23 Cache Optimizations I

Dr A. P. Shanthi

The objectives of this module are to discuss the various factors that contribute to the average memory access time in a hierarchical memory system and discuss some of the techniques that can be adopted to improve the same.

The previous module discussed the need for a hierarchical memory system to meet the speed, capacity and cost requirements of the processor and how a cache memory can be used to hide the latency associated with the main memory access. We also looked at the various mapping policies and read / write policies adopted in cache memories.

Memory Access Time: In order to look at the performance of cache memories, we need to look at the average memory access time and the factors that will affect it. The average memory access time (AMAT) is defined as

AMAT = htc + (1 – h) (tm + tc), where tc in the second term is normally ignored.

h : hit ratio of the cache

tc : cache access time

1 – h : miss ratio of the cache

tm : main memory access time

AMAT can be written as hit time + (miss rate x miss penalty). Reducing any of these factors reduces AMAT. You can easily observe that as the hit ratio of the cache nears 1 (that is 100%), all the references are to the cache and the memory access time is governed only by the cache system. Only the cache performance matters then. On the other hand, if we miss in the cache, the miss penalty, which is the main memory access time also matters. So, all the three factors contribute to AMAT and optimizations can be carried out to reduce one or more of these parameters.

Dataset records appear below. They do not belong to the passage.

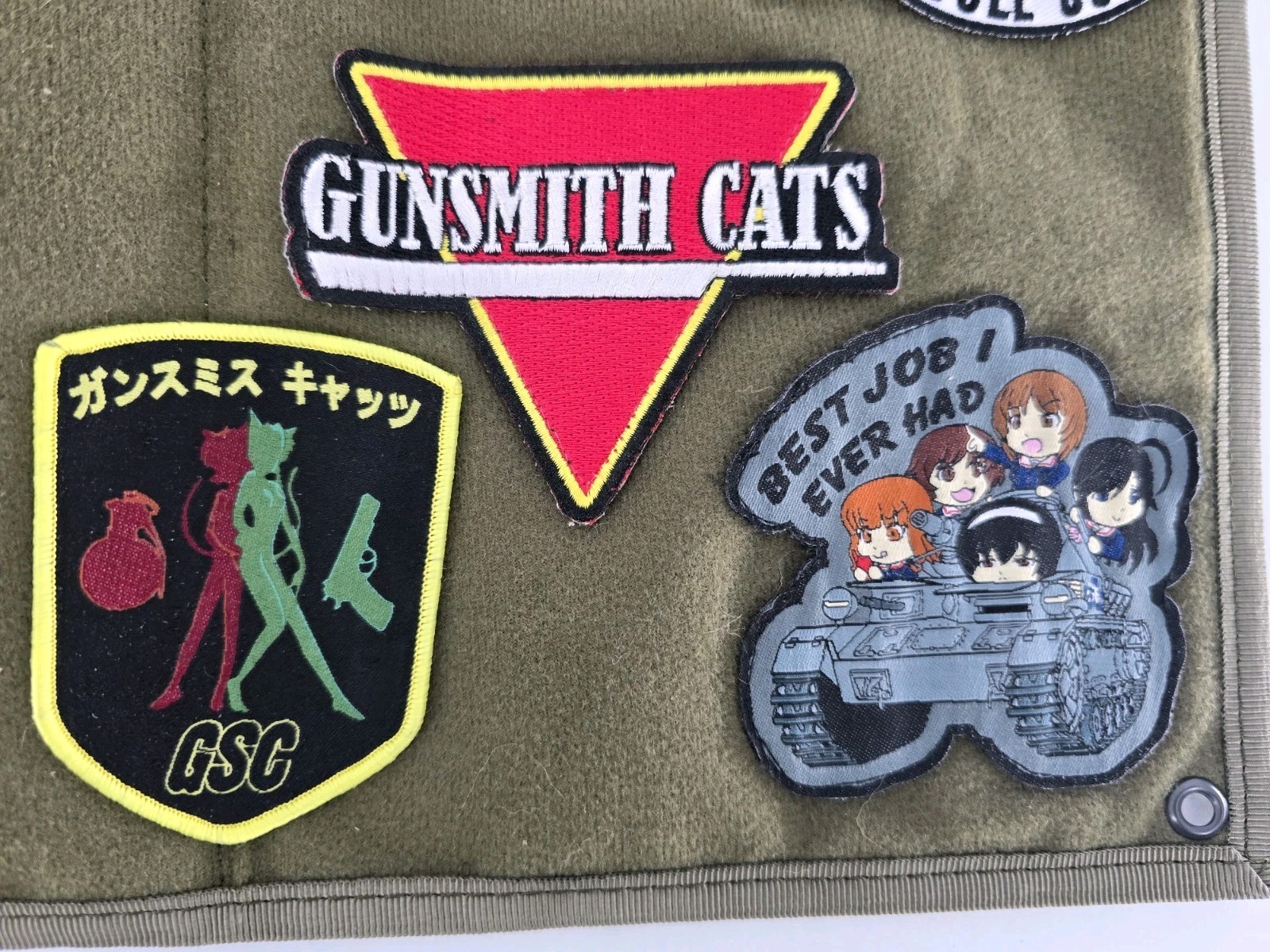 26 Lot AWESOME Hook And Loop Patches! W/ Patch Board - Anime, 765, Army, Cat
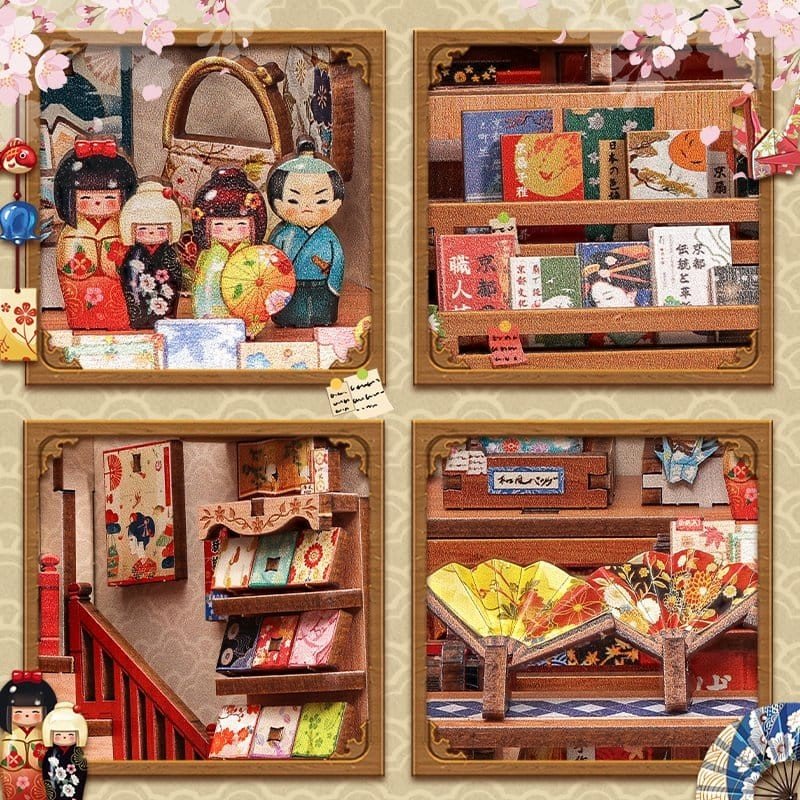 Figurine Model Kit Miniature House Tsukino Eogi-dou 19 x 14 cm  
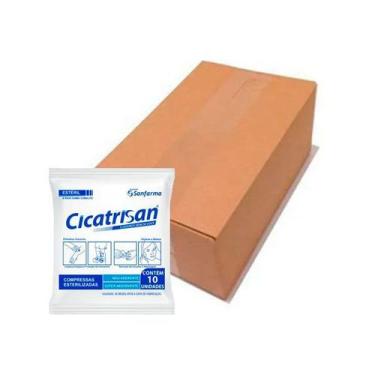 Imagem de Compressas Esterilizadas Não Aderente 15x15 Caixa Com 40 UN Cicatrisan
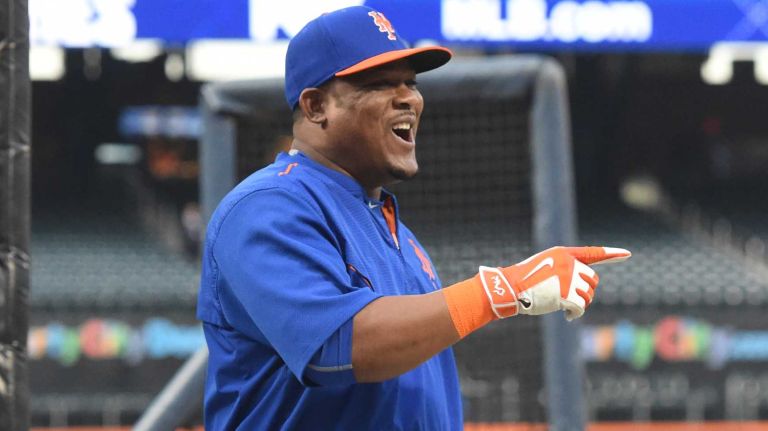 New York Mets Juan Uribe (2) during Game 4 of the World Series against the Kansas City Royals at Citi Field on Saturday, Oct. 31, 2015.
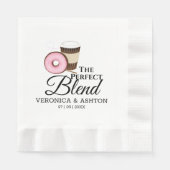 Die perfekte Mischung aus Kaffee und Donut | Hochz Serviette (Vorderseite)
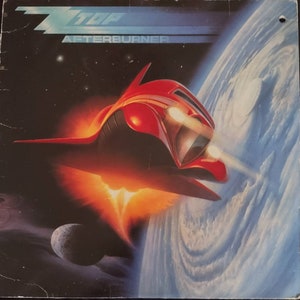 ZZ Top - Afterburner 1985 on Warner Brothers 1-25342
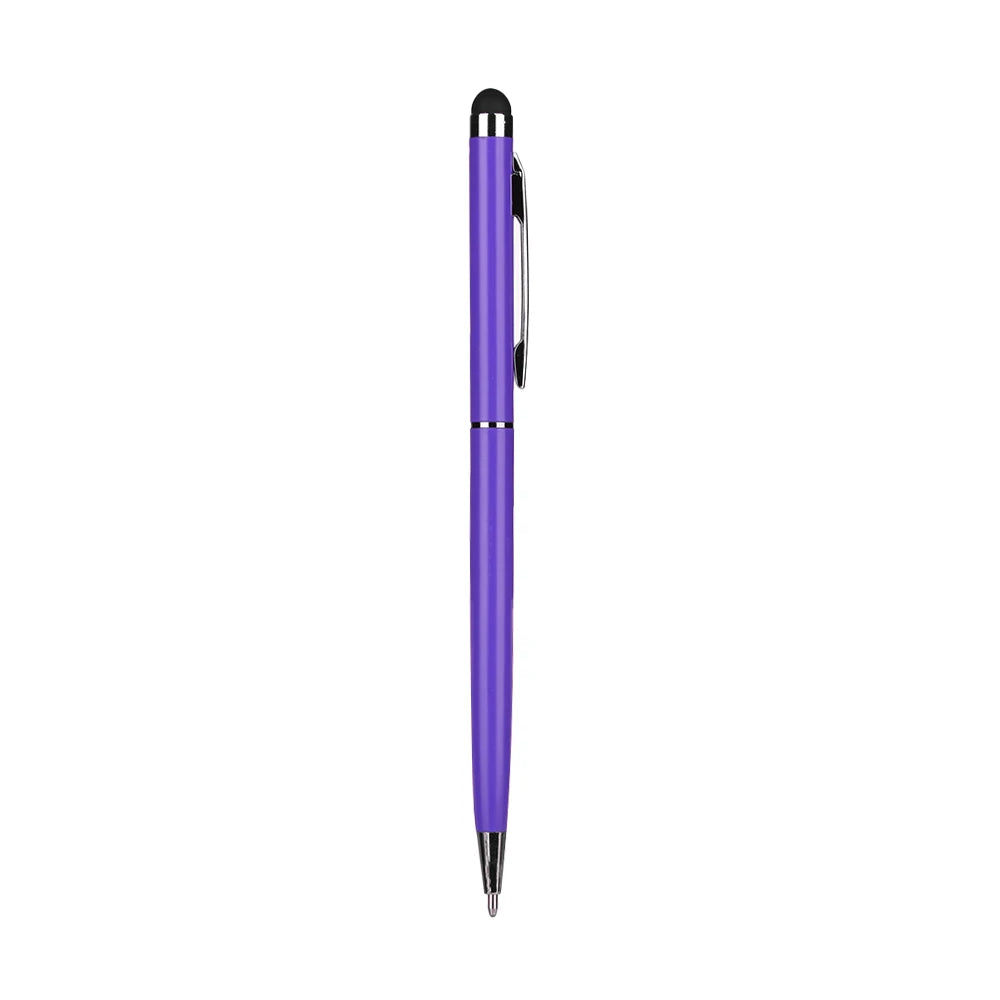 Stylet universel pour écran tactile de téléphone portable, stylo à bille pour iPhone et iPad, fournitures d'écriture, cadeaux de bureau et scolaires, utilisation des touristes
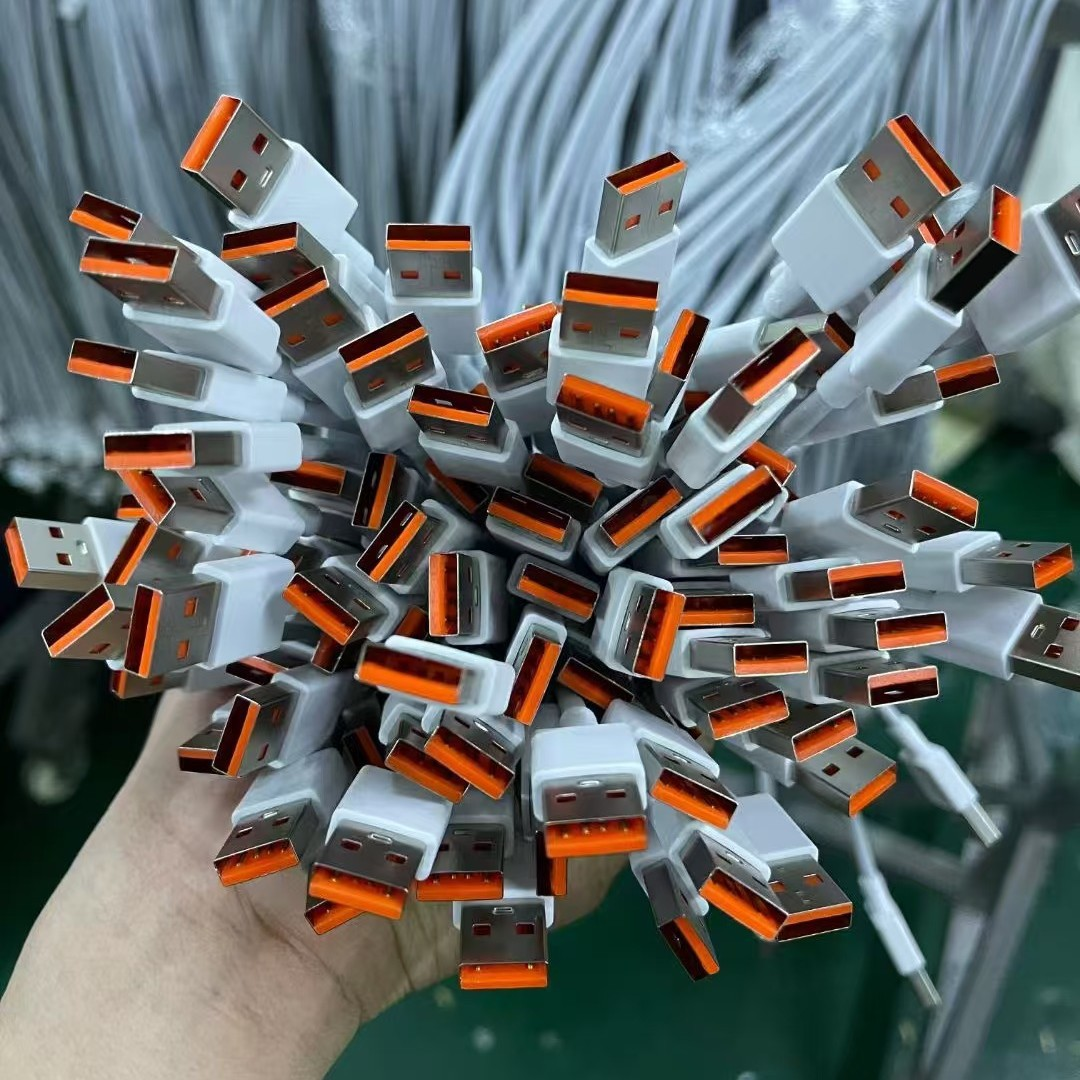 Factory Price 6A USB Type-C Plastic Fast Charging & Data Cable – 1m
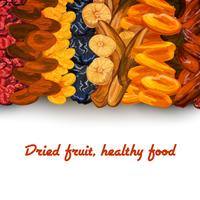 Dried fruit background print vector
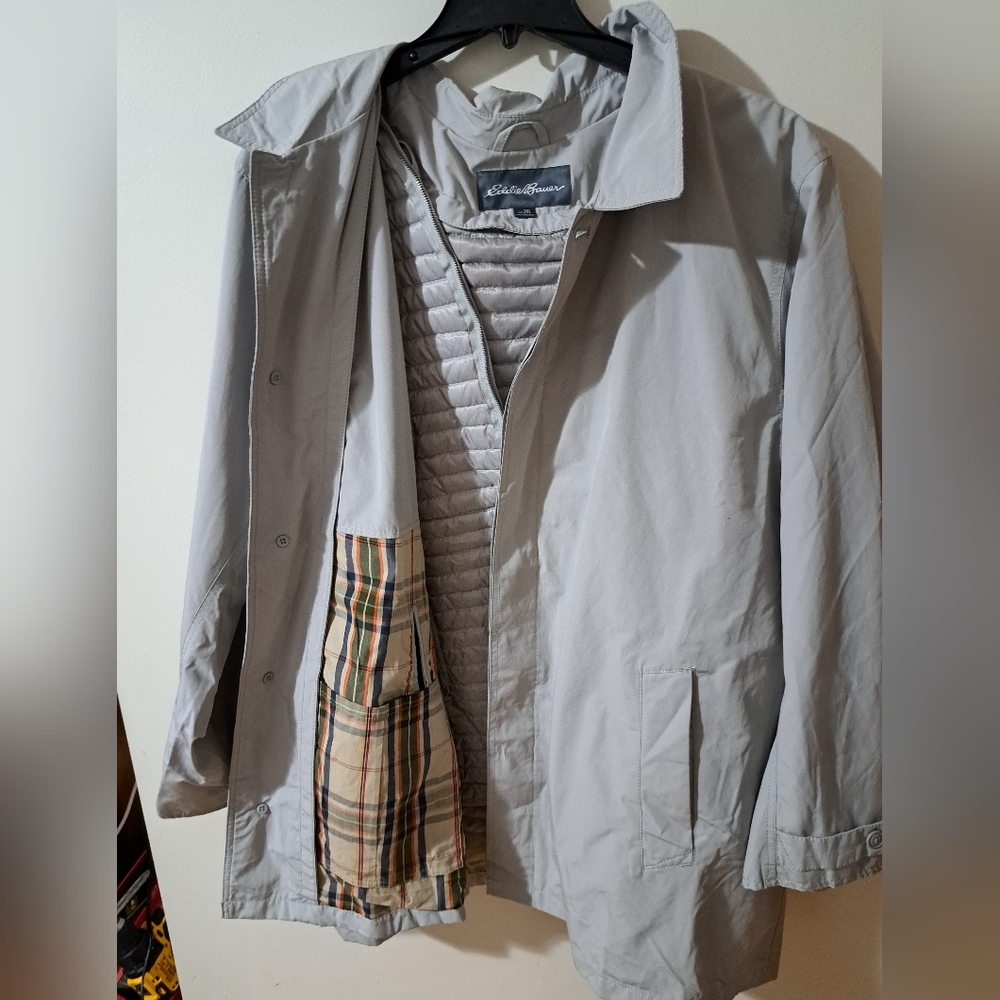 New Eddie Bauer 3XL Business Casual Men's 3 Seasons Coat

There are different methods that can be used to reduce the AMAT. There are about eighteen different cache optimizations that are organized into 4 categories as follows:

Ø Reducing the miss penalty:

§ Multilevel caches, critical word first, giving priority to read misses over write misses, merging write buffer entries, and victim caches

Ø Reducing the miss rate

§ Larger block size, larger cache size, higher associativity, way prediction and pseudo associativity, and compiler optimizations

Ø Reducing the miss penalty or miss rate via parallelism

§ Non-blocking caches, Multi banked caches, hardware & compiler prefetching

Ø Reducing the time to hit in the cache

§ Small and simple caches, avoiding address translation, pipelined cache access, and trace caches

In this module, we shall discuss the techniques that can be used to reduce the miss penalty. The time to handle a miss is becoming more and more the controlling factor. This is because of the great improvement in the speed of processors as compared to the speed of memory. Five optimizations that can be used to address the problem of improving Miss Penalty are:

• Multi-level caches

• Critical Word First and Early Restart

• Giving Priority to Read Misses over Writes

• Merging Write Buffer

• Victim Caches

We shall examine each of these in detail.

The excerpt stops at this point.